Unnamed: 0,title,text,label
8476,You Can Smell Hillary’s Fear,"Daniel Greenfield, a Shillman Journalism Fello...",FAKE
10294,Watch The Exact Moment Paul Ryan Committed Pol...,Google Pinterest Digg Linkedin Reddit Stumbleu...,FAKE
3608,Kerry to go to Paris in gesture of sympathy,U.S. Secretary of State John F. Kerry said Mon...,REAL
10142,Bernie supporters on Twitter erupt in anger ag...,"— Kaydee King (@KaydeeKing) November 9, 2016 T...",FAKE
875,The Battle of New York: Why This Primary Matters,It's primary day in New York and front-runners...,REAL


In [23]:
## Step 4 : We will extract the labels from the given data set

# Get the labels
labels=df.label
labels.head()

8476     FAKE
10294    FAKE
3608     REAL
10142    FAKE
875      REAL
Name: label, dtype: object

In [12]:
## Let us split the data set into Training and Testing sets

In [24]:
# Split the dataset
x_train,x_test,y_train,y_test=train_test_split(df['text'], labels, test_size=0.2, random_state=7)

#### Let’s initialize a TfidfVectorizer with stop words from the English language and a maximum document frequency of 0.7 (terms with a higher document frequency will be discarded). Stop words are the most common words in a language that are to be filtered out before processing the natural language data. And a TfidfVectorizer turns a collection of raw documents into a matrix of TF-IDF features.

#### Now, fit and transform the vectorizer on the train set, and transform the vectorizer on the test set.

In [25]:
## Step 5 :
# Initialize a TfidfVectorizer
tfidf_vectorizer=TfidfVectorizer(stop_words='english', max_df=0.7)

In [28]:
# Fit and transform train set, transform test set
tfidf_train=tfidf_vectorizer.fit_transform(x_train) 
tfidf_test=tfidf_vectorizer.transform(x_test)

In [16]:
## Step 6

## Next, we’ll initialize a PassiveAggressiveClassifier. This is. We’ll fit this on tfidf_train and y_train.

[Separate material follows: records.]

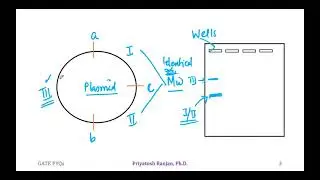 PYQ 11 GATE Biotechnology (BT) 2022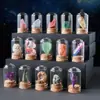 Venta al por mayor de fábrica Piedra Bruta de Cristal Natural Muestra de Mineral para Niños Divulgación Científica Enseñanza Piedra Semipreciosa Adorno de Escritorio para el Hogar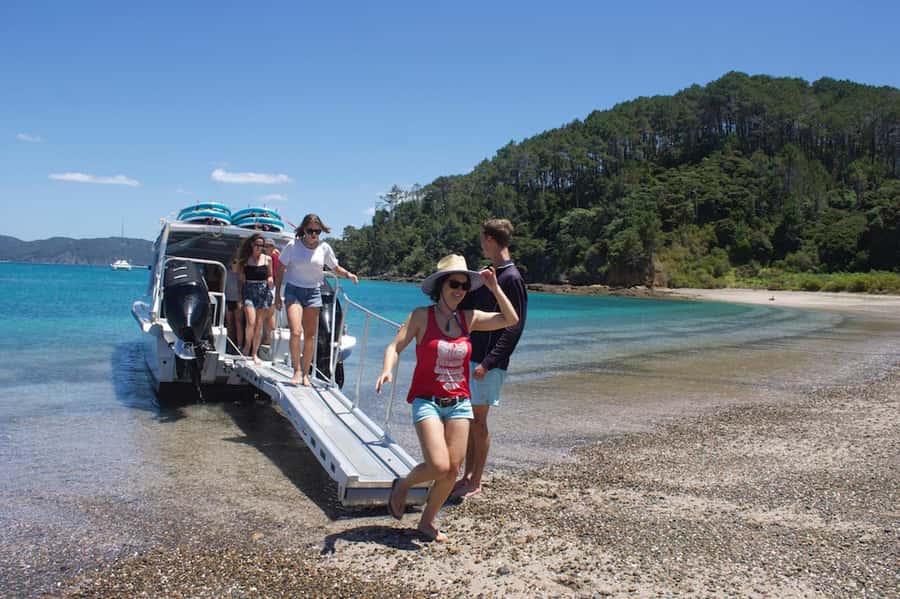 Paihia/Russell: Hole in the Rock Cruise with 2 Island Stops - Should you book the Hole in the Rock cruise?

## Then, we’ll predict on the test set from the TfidfVectorizer and calculate the accuracy with accuracy_score() 
# from sklearn.metrics

In [26]:
# Initialize a Passive Aggressive Classifier
pac=PassiveAggressiveClassifier(max_iter=50)
pac.fit(tfidf_train,y_train)

# Predict on the test set and calculate accuracy
y_pred=pac.predict(tfidf_test)
score=accuracy_score(y_test,y_pred)
print(f'Accuracy: {round(score*100,2)}%')

Accuracy: 92.74%


In [None]:
## We have got an Accuracy of 93.05% with this model and Accepted 

In [18]:
## Step 7 : let’s print out a confusion matrix to gain insight into the number of false and true negatives and positives.

In [27]:
##  Build confusion matrix

confusion_matrix(y_test,y_pred, labels=['FAKE','REAL'])

array([[587,  51],
       [ 41, 588]], dtype=int64)

In [21]:
## By seeing the above Output We can say that 

## 1) We have 593 True Positives
## 2) 43 False Positive
## 3) 49 False Negative

## Summary

 ### we now know how to detect fake news with Python. We took a political dataset, implemented a TfidfVectorizer, initialized a PassiveAggressiveClassifier, and fit our model. We ended up obtaining an accuracy of 92.74% in magnitude.